[[ Data for processing, beginning ]]

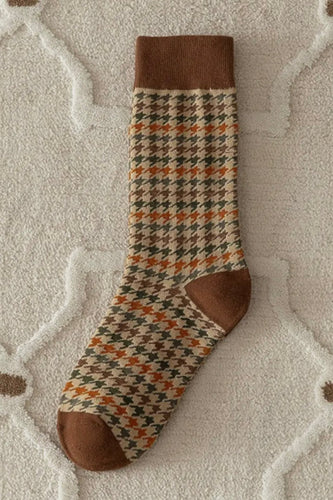 Patterned sock with brown accents on a textured surface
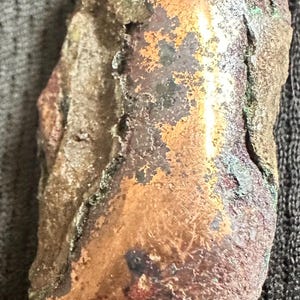 May include: A weathered, irregularly shaped object with a copper-colored surface. Patches of green and dark brown hues are visible, suggesting oxidation. The object has a rough, textured appearance.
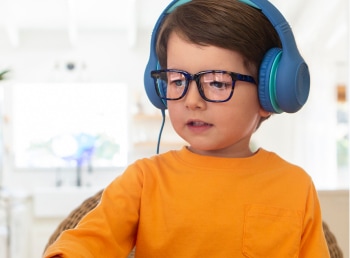 Image of a toddler wearing zenni glasses and headphones.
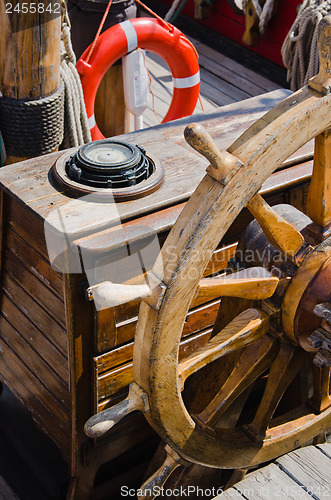 Image of Steering wheel of an old sailing vessel, close up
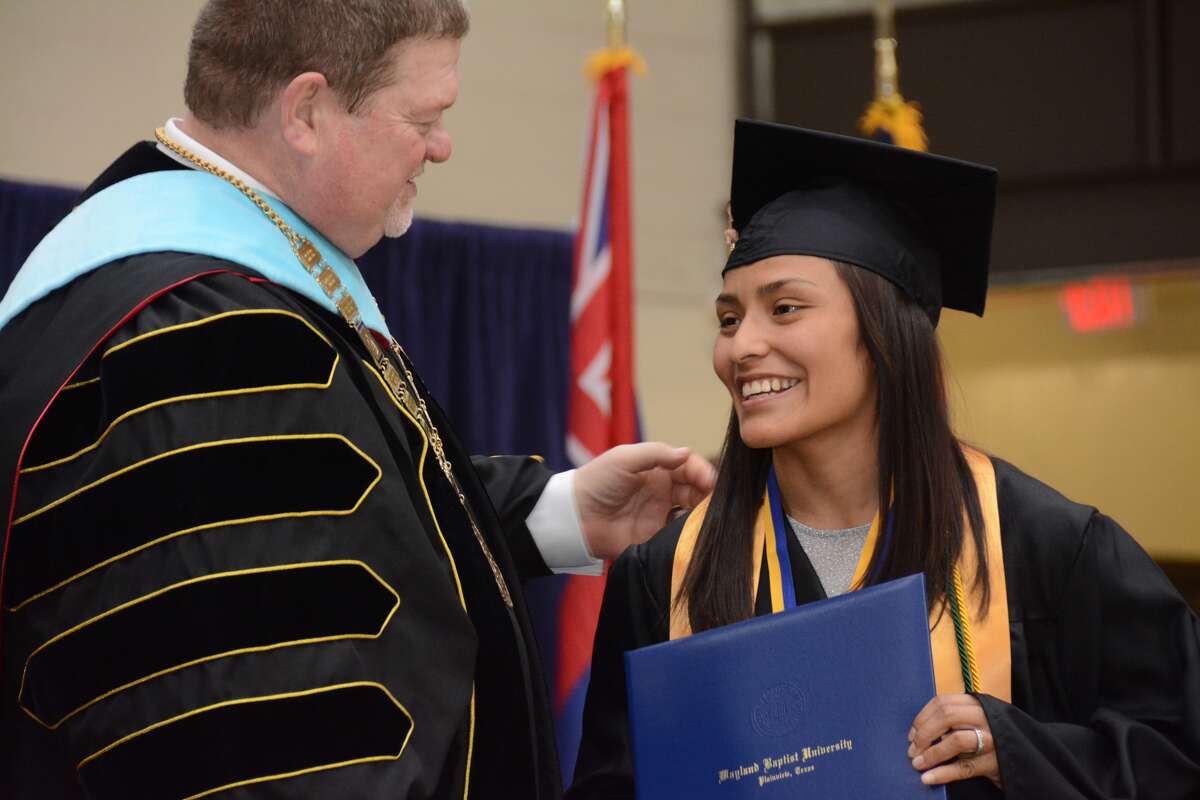 Wayland Baptist University graduating senior Mayra Ramirez of El Paso receives her diploma and congratulations from Wayland President Dr. Bobby Hall at graduation on Saturday afternoon. Ramirez, a member of the Pioneer wrestling team, served as the student speaker.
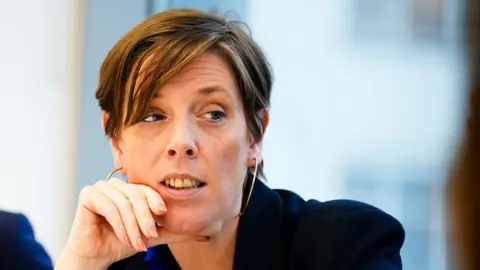 PA Media Jess Phillips looks on during a meeting as she wears a dark blue jacket. She has short, light brown hair and gold hooped earrings.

[[ Data for processing, end ]]

--- Aim of the task ---
Only the pictures are to be left out; write out all the other data exactly.

--- Written solution ---
 Patterned sock with brown accents on a textured surface
 May include: A weathered, irregularly shaped object with a copper-colored surface. Patches of green and dark brown hues are visible, suggesting oxidation. The object has a rough, textured appearance.
 Image of a toddler wearing zenni glasses and headphones.
 Image of Steering wheel of an old sailing vessel, close up
 Wayland Baptist University graduating senior Mayra Ramirez of El Paso receives her diploma and congratulations from Wayland President Dr. Bobby Hall at graduation on Saturday afternoon. Ramirez, a member of the Pioneer wrestling team, served as the student speaker.
 PA Media Jess Phillips looks on during a meeting as she wears a dark blue jacket. She has short, light brown hair and gold hooped earrings.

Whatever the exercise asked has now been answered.